Allez, je sacrifie à cet affreuse analogie, dans ma réponse à Olyvier, sur le blog d'EdgarEP. En réponse à mon baratin précédent, Olyvier écrit :

"Vous n'analysez pas ... l'aspect "construction" de la chose européenne et que certains qualifient de téléologie (tout traité est toujours meilleur, tout élargissement prometteur, tout approfondissement salvateur) ... ?" Olyvier pense "que ce prochain étage qui rendra la maison confortable est une perspective qui interdit un jugement politique et citoyen sur ce qui est fait."

Je suis 100% d'accord.

Faut-il le rappeler ? il y avait un seul "parti de gouvernement" en France opposé au traité de Nice : l'UDF.

C'est parfois pour moi un sujet d'étonnement, que le militantisme "pour toujours plus" ou "pour toujours moins" d'Europe.

Non, "+ de niveau européen" n'est pas un bien en soi, mais au contraire un mal en soi. Dire cela, c'est croire au "principe de subsidiarité" (devenu une scie du discours européen, mais porté depuis environ un siècle, dans l'indifférence générale, par les démocrates-chrétiens, une des origines de l'actuel MoDem).

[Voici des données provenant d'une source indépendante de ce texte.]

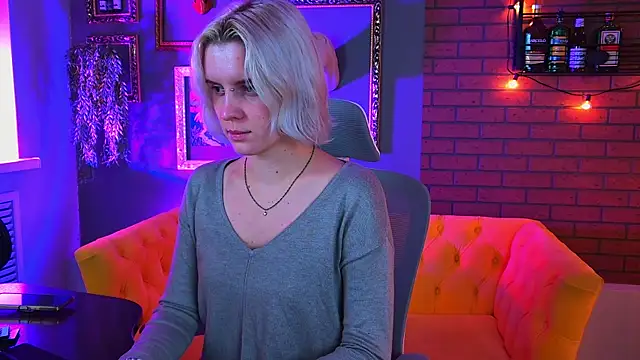 BethanyCloud online show from 12-23-25, 05:29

On ne doit prendre les décisions à une échelle plus vaste, que quand on s'accorde à y voir une "valeur ajoutée" suffisante. Par exemple, pour faciliter les échanges économiques entre pays, ou les échanges d'étudiants, ou les voyages, ou pour lutter contre le dumping fiscal et les paradis fiscaux, ou pour lancer des missions spatiales, le niveau européen me semble être le seul potentiellement efficace.

Je crois aussi qu'il peut être très efficace pour améliorer notre autonomie énergétique, et notre résilience aux crises d'approvisionnement en carburants et matières premières.

En revanche, j'ai les plus grands doutes (ça n'engage que moi) sur la valeur ajoutée de la PAC (agriculture), de la PCRD (R&D), ou du fonctionnement par projets des "Fonds structurels" (politique d'appui aux régions moins développées), ainsi que du Fonds européen de développement (aide aux pays pauvres).

Alors comment se fait-il que ces quatre politiques représentent le (très) gros du budget européen ? Il me semble que ça s'explique par le changement du monde.

Dans un monde en voie d'industrialisation, où la productivité et la concentration du capital étaient des facteurs majeurs de succès, la PAC et la PCRD, de même que l'instauration du "marché unique" (de 1992), étaient, j'imagine, de très bonnes politiques. (Pour le FED c'est une autre raison : permettre que l'aide aux pays pauvres échappe aux logiques post-coloniales, très fortes dans les années 60-70).

Dans la société post-industrielle, et à mon avis post-informationnelle, les deux ressources-clé sont maintenant la créativité (ou plus justement la capacité à utiliser la connaissance) et le territoire physique (la planète) : je crois que ces quatre politiques seraient désormais gérées plus efficacement au niveau national ou, pour certaines, plus local.

Il faut donc, je crois, des changements profonds dans l'Union européenne. Le projet de Constitution en amorçait quelques-uns, mais ce n'était, de mon point de vue, qu'une amélioration modeste. Il y a encore beaucoup de chemin à faire pour que l'Europe (re?)devienne un niveau de décision efficace. Je suis prêt à parier que les citoyens sont en avance sur les États, ceux-ci noyés dans la routine, dans l'héritage des politiques du passé, des mécaniques instaurées par les traités.

Mais si la mécanique est rouillée, si le logiciel est obsolète (pour le coup, la comparaison me semble valable), je n'en déduirai certainement pas que le besoin d'une Europe unie, solidaire et efficace, a disparu. Je crois au contraire qu'on a besoin d'une "nouvelle version majeure" de ce "logiciel" européen.